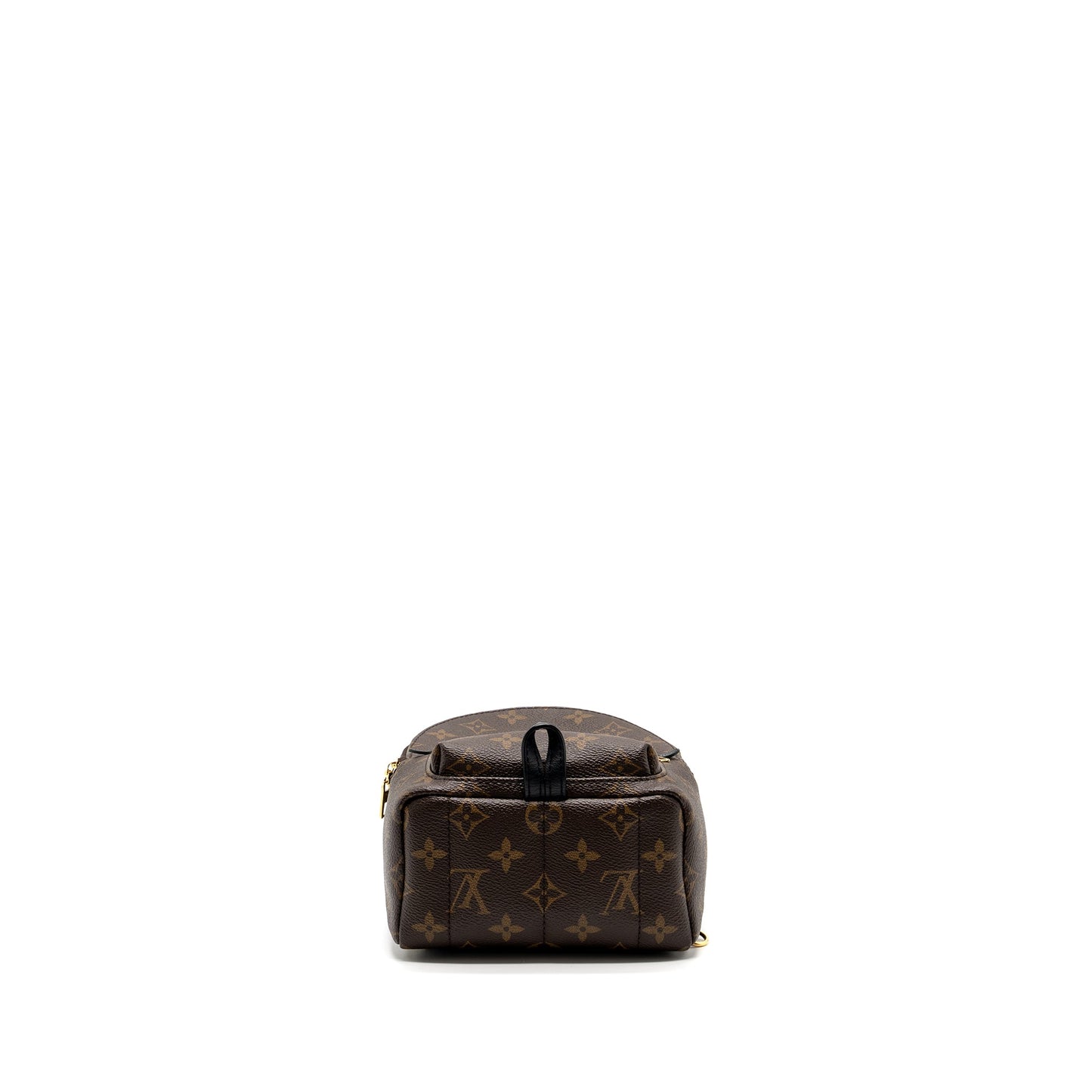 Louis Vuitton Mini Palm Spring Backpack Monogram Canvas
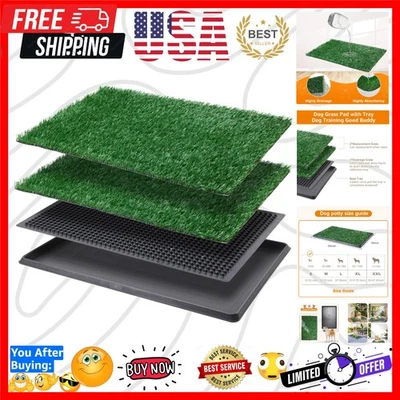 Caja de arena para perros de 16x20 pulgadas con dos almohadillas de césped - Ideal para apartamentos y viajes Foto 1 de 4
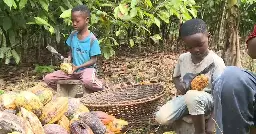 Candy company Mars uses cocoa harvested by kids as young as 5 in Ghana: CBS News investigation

WORK INSTRUCTION:
Write every line of the data out again exactly, leaving out all images.

SOLUTION FOR THIS TASK:
 Louis Vuitton Mini Palm Spring Backpack Monogram Canvas
 Caja de arena para perros de 16x20 pulgadas con dos almohadillas de césped - Ideal para apartamentos y viajes Foto 1 de 4
 Candy company Mars uses cocoa harvested by kids as young as 5 in Ghana: CBS News investigation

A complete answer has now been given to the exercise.